Symptoms of a brain tumor can be specific (symptoms caused by the tumor itself) or general (symptoms caused by the pressure of the tumor on the brain or spinal cord). Most people are only diagnosed with a brain tumor after experiencing problems such as headaches, issues with motor control, or even personality changes.

  • Headaches, which may be severe and worsen with activity or in the early morning
  • Seizures, including
    • motor seizures / convulsions
    • myoclonic seizures that are single or multiple muscle twitches, jerks, spasms
    • Tonic-clonic (or Grand Mal) seizures that can include a loss of consciousness, loss of body tone, followed by twitching and contraction of the muscles, loss of control of body functions, such as loss of bladder control, a short (30-second or less) period of no breathing that can cause a person’s skin to turn a shade of blue, purple, gray, white, or green. After this type of seizure, a person may be sleepy and experience a headache, confusion, weakness, numbness, and sore muscles.
    • Change in sensation, vision, smell, and/or hearing without losing consciousness
    • May cause a loss of awareness or a partial or total loss of consciousness
    • May be associated with repetitive, unintentional movements, such as twitching
    • Pressure or headache near the tumor
    • Loss of balance and difficulty with fine motor skills (linked with a tumor in the cerebellum)
    • Changes in judgment, including loss of initiative, sluggishness, and muscle weakness or paralysis (linked with a tumor in the frontal lobe of the cerebrum)
    • Partial or complete loss of vision ( linked to a tumor in the occipital lobe or temporal lobe)
    • Changes in speech, hearing, memory, or emotional state, such as aggressiveness and problems understanding or retrieving words (linked with a tumour in the frontal and temporal lobe)
    • Altered perception of touch or pressure, arm or leg weakness on 1 side of the body, or confusion with left and right sides of the body (linked with a tumor in the frontal or parietal lobe)
    • Inability to look upward (linked with a tumor in the pineal gland)
    • Lactation, which is the secretion of breast milk, and altered menstrual periods in women, and growth in hands and feet in adults (linked with a tumor in the pituitary gland)
    • Difficulty swallowing, facial weakness or numbness, or double vision (linked with a tumor in the brain stem)
    • Vision changes, including loss of part of the vision or double vision (linked with a tumor in the temporal lobe, occipital lobe, or brain stem)

    Brain Cancer Types

    Not all brain tumors are malignant with growths such as chordomas, craniopharyngiomas and meningiomas (to name only a few) being benign. Types of malignant brain tumors are gliomas – the most prevalent type of adult brain tumor that accounts for 78 percent of malignant brain tumors. They arise from the supporting cells of the brain, called the glia, that are cells subdivided into astrocytes, ependymal cells and oligodendroglial cells (or oligos). Glial tumors include the following:

    Astrocytomas: The most common type of glioma, accounting for about half of all primary brain and spinal cord tumors and may develop in people of all ages and sexes. They develop from the star-shaped astrocytes that form part of the supportive tissue of the brain. Astrocytomas are most commonly found in the cerebrum, although it can also occur in other parts of the brain.

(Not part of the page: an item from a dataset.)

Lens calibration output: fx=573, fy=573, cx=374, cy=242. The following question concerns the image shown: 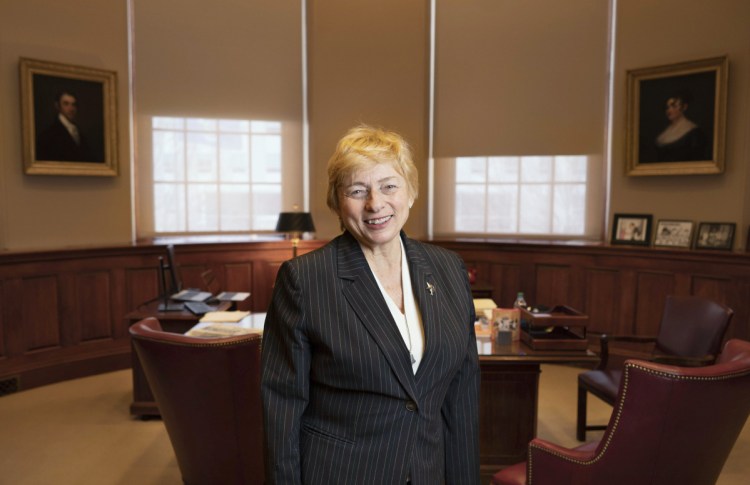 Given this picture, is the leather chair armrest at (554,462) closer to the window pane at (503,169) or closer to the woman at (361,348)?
the woman at (361,348)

    Ependymomas: These tumors are derived from a neoplastic transformation of the ependymal cells that line the ventricular system. Ependymomas account for two to three percent of all brain tumors. Most are well-defined, but some are not.

    Glioblastoma multiforme (GBM): GBMs are the most invasive type of glial tumor, and may be composed of several kinds of cells, such as astrocytes and oligodendrocytes. These tumors tend to grow rapidly, spread rapidly to other tissues, and have a poor prognosis. GBMs is more common in people ages 50 to 70 and are more prevalent in men than women.

    Medulloblastomas: Usually occurring in the cerebellum, medulloblastomas are most frequently diagnosed in children. They are high-grade tumors, but they are usually responsive to radiation and chemotherapy.

    Oligodendrogliomas: These tumors are derived from the cells that make myelin, which is the insulation for the wiring of the brain. They are most commonly found in the white matter and the outer layer of the brain, called the cortex, but can form anywhere in the CNS. Oligodendrogliomas can occur at any age but is most often diagnosed in people between the ages of 35 and 44, and is rare in children. Men also seem to be at higher risk compared to women.

    Pediatric Brain Tumors
    • Medulloblastomas
    • Low-grade astrocytomas (pilocytic)
    • Ependymomas
    • Craniopharyngiomas
    • Brainstem gliomas.

    Brain Cancer Medications & Treatments

    If colon cancer develops, many treatments are available to help control it and usually comprises a combination of procedures and medications. Treatment options and recommendations usually depend on several factors, including the type and stage of cancer, treatment side effects, and the patient’s preferences and overall health.

    Pharmaceutical Interventions

    Chemotherapy is the use of powerful medicines to kill tumor cells and brain cancer patients may get a single medicine or a combination, usually given either by mouth or through an IV. In some cases, chemotherapy is given through a shunt put in place to drain excess fluid from the brain.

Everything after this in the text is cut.